§ TASK REQUIREMENTS
All records are to be reproduced verbatim, with images omitted.

(Dataset entries)
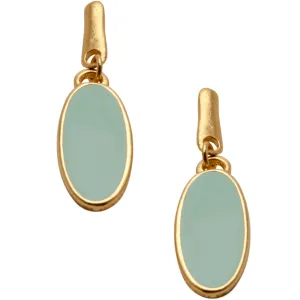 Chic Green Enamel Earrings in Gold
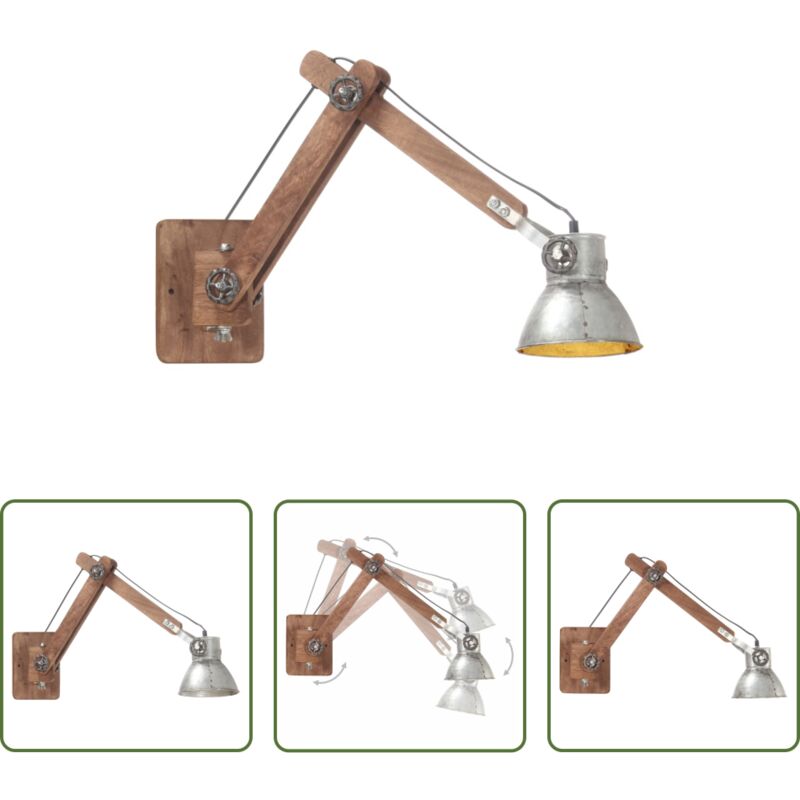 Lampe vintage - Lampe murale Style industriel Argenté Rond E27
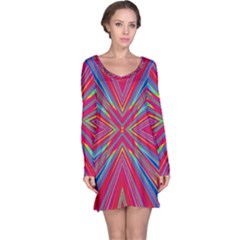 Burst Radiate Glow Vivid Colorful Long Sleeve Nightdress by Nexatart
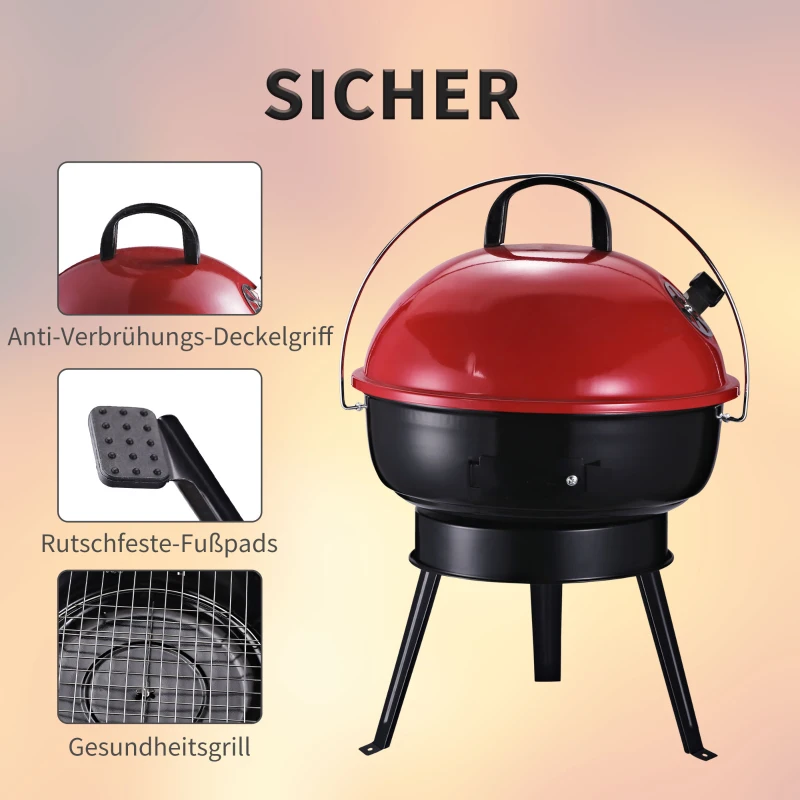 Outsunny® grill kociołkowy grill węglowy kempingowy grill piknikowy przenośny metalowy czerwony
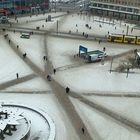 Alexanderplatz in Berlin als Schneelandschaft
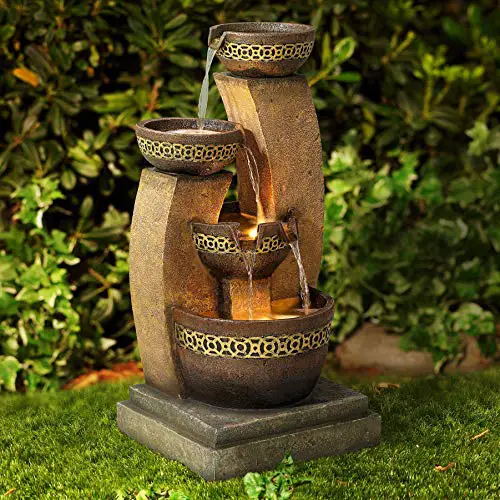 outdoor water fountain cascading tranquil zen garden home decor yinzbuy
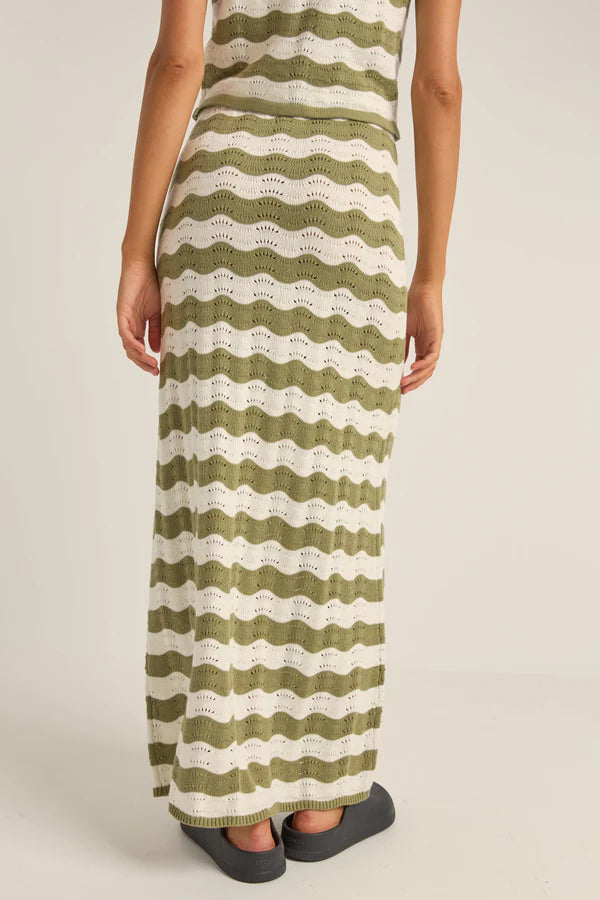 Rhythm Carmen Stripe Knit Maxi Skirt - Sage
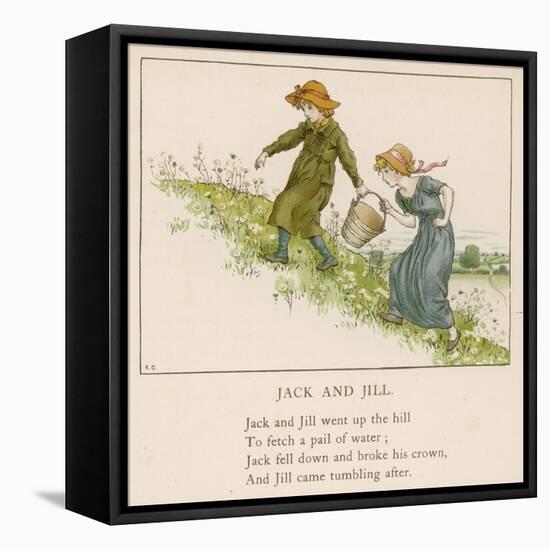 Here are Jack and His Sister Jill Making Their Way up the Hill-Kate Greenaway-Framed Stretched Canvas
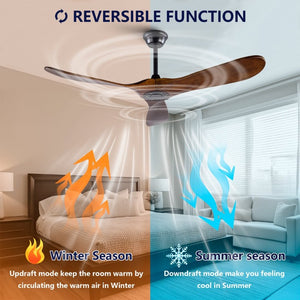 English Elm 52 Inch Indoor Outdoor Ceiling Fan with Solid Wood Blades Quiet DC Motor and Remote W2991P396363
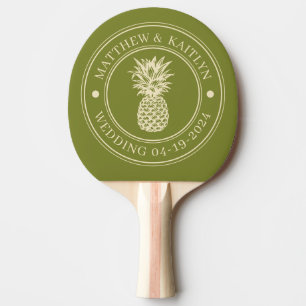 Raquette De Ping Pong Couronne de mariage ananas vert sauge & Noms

§ RESULT FOR THIS TASK
 Chic Green Enamel Earrings in Gold
 Lampe vintage - Lampe murale Style industriel Argenté Rond E27
 Burst Radiate Glow Vivid Colorful Long Sleeve Nightdress by Nexatart
 Outsunny® grill kociołkowy grill węglowy kempingowy grill piknikowy przenośny metalowy czerwony
 Alexanderplatz in Berlin als Schneelandschaft
 outdoor water fountain cascading tranquil zen garden home decor yinzbuy
 Rhythm Carmen Stripe Knit Maxi Skirt - Sage
 Here are Jack and His Sister Jill Making Their Way up the Hill-Kate Greenaway-Framed Stretched Canvas
 English Elm 52 Inch Indoor Outdoor Ceiling Fan with Solid Wood Blades Quiet DC Motor and Remote W2991P396363
 Raquette De Ping Pong Couronne de mariage ananas vert sauge & Noms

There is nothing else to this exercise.